For an RC plane's systems this may be fine. With larger aircraft you would need to consider the effect of these large inputs into the control system, and structural effects, including whether 30 degree deflection is possible in the current flight conditions.

• Very early model remote controls in the 1940s and 50s worked that way. Later, improved models would stress their "proportional" control to distinguish themselves from the earlier models. Just like temporal dithering is used for pixels, short pulses of full deflections can be used for control. There is even a special field of control theory for this. – Peter Kämpf Dec 3 '17 at 23:07
• Also: from the passengers point of view, that would probably be very uncomfortable! – kebs Dec 3 '17 at 23:33
• Another issue is that response to control deflection is non linear. The response to a sudden large deflection of a control surface is not just larger than the response to a small one. Turbulence and non-Newtonian Dynamics can make it very different. – DJClayworth Dec 4 '17 at 0:01
• Use a keyboard as your primary controller. KEYDOWN = control on. KEYUP = control off. And yeah it's not a smooth ride. – Joshua Dec 4 '17 at 4:16

I once had a very cheap electric ducted fan styrofoam RC plane that I found for sale at Woolworths sometime in the 90s that had "bang bang" flight control surfaces and throttle. In lieu of servos, it had a very light, weak solenoid with the control rod as its core.

I was a novice, but was able to get it to 'fly' a maximum distance of 20ft, bank either left or right as commanded, descend steeply or slightly less steeply by blipping the elevator, but never climb without instantly rolling into a knife edge dive. More of a slightly delayed crash than flight. But someone believed in the design enough to market and sell it.

As many people have mentioned examples of where it has been used. I would just like to mention that on full scale aircraft the stresses involved in deflecting control surfaces to maximum deflection at cruise speeds (even for a fraction of a second) would probably result in structural failure. In addition to this those kinds of deflections would result in huge g-forces for the crew and any passengers possibly resulting in black outs or red outs.

I would then suggest that something like this could only be used for unmanned craft. Unless the max min values scaled with the aircraft velocity. For example at cruise instead of +-30 degrees of deflection you would have +- 10 to 15 degrees.

This has been done in WWII glide-bomb systems. However, since the idea isn't widely used, it presumably has practical disadvantages.

Yes, it could. The first guided bomb, the German Fritz X developed during WW2, used such a setup. They refined it a bit by oscillating the control surface from neutral to deflection rapidly, so that it wasn't a pure on/off control input.
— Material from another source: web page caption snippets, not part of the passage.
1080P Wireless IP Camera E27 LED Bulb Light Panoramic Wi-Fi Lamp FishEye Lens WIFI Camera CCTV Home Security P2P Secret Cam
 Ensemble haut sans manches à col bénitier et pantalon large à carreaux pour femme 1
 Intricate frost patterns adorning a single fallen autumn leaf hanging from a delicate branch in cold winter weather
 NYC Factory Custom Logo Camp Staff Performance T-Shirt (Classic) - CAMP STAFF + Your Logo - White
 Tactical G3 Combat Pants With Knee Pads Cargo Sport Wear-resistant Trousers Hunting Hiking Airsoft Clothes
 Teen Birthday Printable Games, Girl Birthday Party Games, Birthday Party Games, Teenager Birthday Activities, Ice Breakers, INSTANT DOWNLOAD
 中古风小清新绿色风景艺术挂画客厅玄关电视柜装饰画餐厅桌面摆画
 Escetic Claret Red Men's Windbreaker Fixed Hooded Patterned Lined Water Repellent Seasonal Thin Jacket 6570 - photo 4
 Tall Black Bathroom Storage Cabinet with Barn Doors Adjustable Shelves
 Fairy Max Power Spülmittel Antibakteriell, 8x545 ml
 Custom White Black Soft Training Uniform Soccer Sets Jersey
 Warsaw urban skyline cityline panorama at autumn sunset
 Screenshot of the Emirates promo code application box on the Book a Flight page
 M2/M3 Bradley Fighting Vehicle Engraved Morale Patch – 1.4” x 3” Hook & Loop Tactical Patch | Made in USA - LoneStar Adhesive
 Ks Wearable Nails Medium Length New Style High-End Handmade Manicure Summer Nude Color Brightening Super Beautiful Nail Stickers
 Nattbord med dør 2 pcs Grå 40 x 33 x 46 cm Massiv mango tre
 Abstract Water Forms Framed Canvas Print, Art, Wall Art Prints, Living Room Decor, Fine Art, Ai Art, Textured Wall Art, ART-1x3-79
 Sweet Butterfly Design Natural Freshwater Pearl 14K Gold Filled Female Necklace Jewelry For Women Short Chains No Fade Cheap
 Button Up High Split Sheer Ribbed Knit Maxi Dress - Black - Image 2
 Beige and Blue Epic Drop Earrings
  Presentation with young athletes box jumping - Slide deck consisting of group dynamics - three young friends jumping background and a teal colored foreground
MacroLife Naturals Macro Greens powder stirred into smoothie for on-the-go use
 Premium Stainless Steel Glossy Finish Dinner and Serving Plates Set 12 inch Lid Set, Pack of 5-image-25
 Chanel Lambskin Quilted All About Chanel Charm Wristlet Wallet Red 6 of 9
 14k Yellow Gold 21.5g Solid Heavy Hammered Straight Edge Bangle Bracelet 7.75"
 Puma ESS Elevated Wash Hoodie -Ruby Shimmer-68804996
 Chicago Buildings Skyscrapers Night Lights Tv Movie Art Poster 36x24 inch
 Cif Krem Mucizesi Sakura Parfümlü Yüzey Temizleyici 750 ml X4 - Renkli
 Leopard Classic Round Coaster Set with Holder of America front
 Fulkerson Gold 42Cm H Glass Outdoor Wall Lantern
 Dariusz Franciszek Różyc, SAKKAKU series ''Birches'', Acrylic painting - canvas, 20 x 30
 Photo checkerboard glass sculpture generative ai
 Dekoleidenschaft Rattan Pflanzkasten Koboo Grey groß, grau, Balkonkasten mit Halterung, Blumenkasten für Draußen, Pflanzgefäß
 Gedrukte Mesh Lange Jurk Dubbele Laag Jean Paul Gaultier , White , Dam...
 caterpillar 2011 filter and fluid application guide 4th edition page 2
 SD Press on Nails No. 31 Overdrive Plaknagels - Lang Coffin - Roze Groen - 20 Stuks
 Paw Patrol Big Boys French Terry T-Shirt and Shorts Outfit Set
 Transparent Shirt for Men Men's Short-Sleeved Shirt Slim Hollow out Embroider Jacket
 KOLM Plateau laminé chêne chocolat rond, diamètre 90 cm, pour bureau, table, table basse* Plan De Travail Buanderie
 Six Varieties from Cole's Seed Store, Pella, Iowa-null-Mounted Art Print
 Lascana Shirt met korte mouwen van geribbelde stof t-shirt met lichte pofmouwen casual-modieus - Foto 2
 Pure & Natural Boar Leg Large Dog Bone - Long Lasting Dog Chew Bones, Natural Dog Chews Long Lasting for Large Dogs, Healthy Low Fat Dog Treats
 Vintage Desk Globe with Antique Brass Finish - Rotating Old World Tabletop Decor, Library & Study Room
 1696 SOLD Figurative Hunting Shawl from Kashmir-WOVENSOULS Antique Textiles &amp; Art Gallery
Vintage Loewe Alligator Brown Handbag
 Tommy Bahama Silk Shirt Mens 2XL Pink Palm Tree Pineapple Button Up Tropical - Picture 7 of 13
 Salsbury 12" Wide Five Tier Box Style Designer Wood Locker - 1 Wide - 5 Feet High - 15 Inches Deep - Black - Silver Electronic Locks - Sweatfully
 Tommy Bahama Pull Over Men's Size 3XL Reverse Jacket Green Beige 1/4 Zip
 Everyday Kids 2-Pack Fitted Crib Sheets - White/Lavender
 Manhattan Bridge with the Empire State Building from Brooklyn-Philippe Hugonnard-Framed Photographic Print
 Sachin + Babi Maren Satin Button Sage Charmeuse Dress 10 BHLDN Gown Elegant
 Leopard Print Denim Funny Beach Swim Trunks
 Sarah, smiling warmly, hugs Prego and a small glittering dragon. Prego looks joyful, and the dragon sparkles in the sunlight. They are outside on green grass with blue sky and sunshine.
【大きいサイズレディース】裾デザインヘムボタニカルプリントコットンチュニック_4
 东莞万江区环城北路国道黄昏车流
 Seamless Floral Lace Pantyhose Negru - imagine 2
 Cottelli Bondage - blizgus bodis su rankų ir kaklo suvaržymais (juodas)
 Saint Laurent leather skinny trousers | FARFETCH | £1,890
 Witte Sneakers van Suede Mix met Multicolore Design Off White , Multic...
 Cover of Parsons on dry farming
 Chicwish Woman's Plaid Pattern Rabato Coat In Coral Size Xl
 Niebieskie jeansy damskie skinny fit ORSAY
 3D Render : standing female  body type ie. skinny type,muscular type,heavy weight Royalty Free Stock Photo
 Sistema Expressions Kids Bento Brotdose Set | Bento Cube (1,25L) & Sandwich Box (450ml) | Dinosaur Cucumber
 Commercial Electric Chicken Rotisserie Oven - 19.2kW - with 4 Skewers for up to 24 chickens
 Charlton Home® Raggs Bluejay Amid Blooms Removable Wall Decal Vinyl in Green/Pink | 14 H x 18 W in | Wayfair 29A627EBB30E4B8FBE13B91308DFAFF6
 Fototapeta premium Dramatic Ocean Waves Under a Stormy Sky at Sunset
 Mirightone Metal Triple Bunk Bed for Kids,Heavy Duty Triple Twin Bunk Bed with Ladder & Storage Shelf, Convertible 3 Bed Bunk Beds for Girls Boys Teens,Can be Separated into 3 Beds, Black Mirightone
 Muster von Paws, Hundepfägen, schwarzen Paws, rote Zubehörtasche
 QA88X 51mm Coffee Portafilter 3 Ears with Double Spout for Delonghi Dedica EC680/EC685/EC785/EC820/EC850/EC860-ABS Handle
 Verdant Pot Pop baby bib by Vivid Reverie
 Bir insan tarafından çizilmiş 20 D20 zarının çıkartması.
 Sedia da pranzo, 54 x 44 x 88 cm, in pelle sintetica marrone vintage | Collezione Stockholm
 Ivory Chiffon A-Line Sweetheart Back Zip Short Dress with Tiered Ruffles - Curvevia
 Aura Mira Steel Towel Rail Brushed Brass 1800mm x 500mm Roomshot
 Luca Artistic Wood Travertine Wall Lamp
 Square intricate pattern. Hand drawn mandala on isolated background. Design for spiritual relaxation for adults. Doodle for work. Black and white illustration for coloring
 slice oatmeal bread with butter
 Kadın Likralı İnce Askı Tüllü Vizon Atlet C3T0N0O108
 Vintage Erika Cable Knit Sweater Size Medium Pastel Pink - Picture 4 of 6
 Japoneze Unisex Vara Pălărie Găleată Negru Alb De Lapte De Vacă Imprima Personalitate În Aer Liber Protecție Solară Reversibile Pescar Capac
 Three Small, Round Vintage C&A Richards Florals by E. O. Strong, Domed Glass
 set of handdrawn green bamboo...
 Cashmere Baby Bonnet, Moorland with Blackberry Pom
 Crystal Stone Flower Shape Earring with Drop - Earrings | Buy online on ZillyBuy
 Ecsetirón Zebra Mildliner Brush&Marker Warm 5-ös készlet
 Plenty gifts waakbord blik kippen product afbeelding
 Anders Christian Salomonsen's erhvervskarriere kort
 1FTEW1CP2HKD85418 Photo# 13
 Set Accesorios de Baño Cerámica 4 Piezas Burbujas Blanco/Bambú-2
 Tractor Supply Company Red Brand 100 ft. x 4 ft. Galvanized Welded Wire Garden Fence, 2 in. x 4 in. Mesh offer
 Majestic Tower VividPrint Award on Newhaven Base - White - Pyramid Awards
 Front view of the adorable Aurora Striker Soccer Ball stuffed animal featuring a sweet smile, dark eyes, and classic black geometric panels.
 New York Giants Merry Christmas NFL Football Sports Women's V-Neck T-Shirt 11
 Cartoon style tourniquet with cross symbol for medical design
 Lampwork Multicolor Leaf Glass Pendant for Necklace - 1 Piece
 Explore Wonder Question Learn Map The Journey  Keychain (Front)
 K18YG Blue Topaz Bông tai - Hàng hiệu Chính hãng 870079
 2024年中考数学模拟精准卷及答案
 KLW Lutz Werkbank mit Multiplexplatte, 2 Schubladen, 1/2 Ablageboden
This was a clever way to get around the limitations of tech of that day, that they weren't able to develop a porportionally adjustable control surface. They could, however, change the oscillation rate with the analog electronics they had available, which in effect gave some proportional control. The faster the surface oscillated, the greater the control input.

The Fritz X was very successful, sinking the Italian battleship Roma, and damaging several allied ships. It fell into disuse when the allies got full control of the air - the Fritz X was visually guided, and required a bomber to remain near the target while the bomb pilot guided it in.